Luther is almost purring. “It wuz da One ledyu ta make yer move, Leif.”

But if the visions are random in their occurrence, their subject matter is not. Mostly they focus on the dire condition of the planet, which is, of course, what’s encouraged Luther, as well as Leif and his rebels, to believe that when the One who Comes arrives, she’ll know exactly what’s wrong with the world and how to fix it. N’Doch can only hope they’re right. He’s run pretty short of ideas himself.
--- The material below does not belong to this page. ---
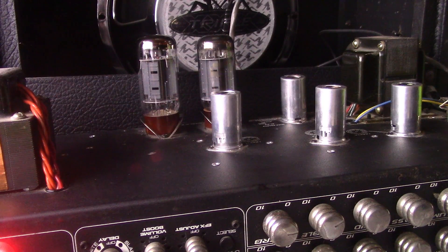The Svetlana 6L6GCs and the Mesa Boogie 6L6GCs — which sounded better? Which sounded worse? Did they sound the same? Y'all have a wonderful day. Thanks for watching. Take care of yourselves. Later on.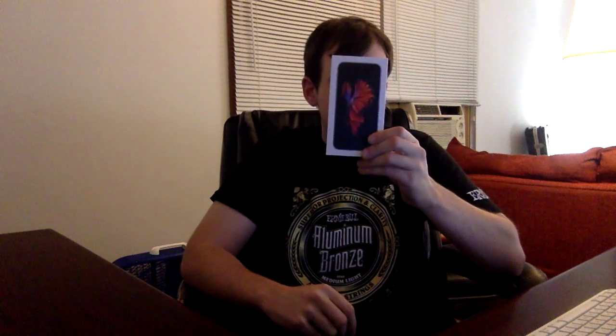What's up guys, Cornered here. Today we're going to be doing an unboxing and overview of the iPhone 6s. So let's go ahead and unbox this thing.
He decides it’s time to head the conversation where it needs to go. Time’s awasting. He can feel it in his gut. He waves Köthen closer so he can translate, then sets Erde up and gives her the floor. When she’s done explaining her plan, most everybody’s still nodding.

Except Leif Cauldwell. He’s dead against it.

“Drop the cordon? No. No way. I can’t allow it!”

The meld was exhausting, mentally and physically. Erde’s sense of time and place is entirely in flux, with the present more present than ever and her own past beginning to seem like a tale someone else has told her. But this is the least of her worries.

The discussion has hit a snag. Leif Cauldwell is backed up against a desk, declaiming like the ex-military man that he is. Her plan has vaulted him out of his wait-and-see calm. His big hands clench and unclench fitfully. She catches his anguished glance at the small girl asleep against a partition. He doesn’t understand. “How can you even ask it? You’d expose our stronghold? Risk the lives of six hundred people? Of all our children? Our only chance of success rests on there being some place the Beast cannot get to! Or even know about! If he flushes us now, we’ll take
heavy casualties and be forced into a ground war we’re not equipped to fight!”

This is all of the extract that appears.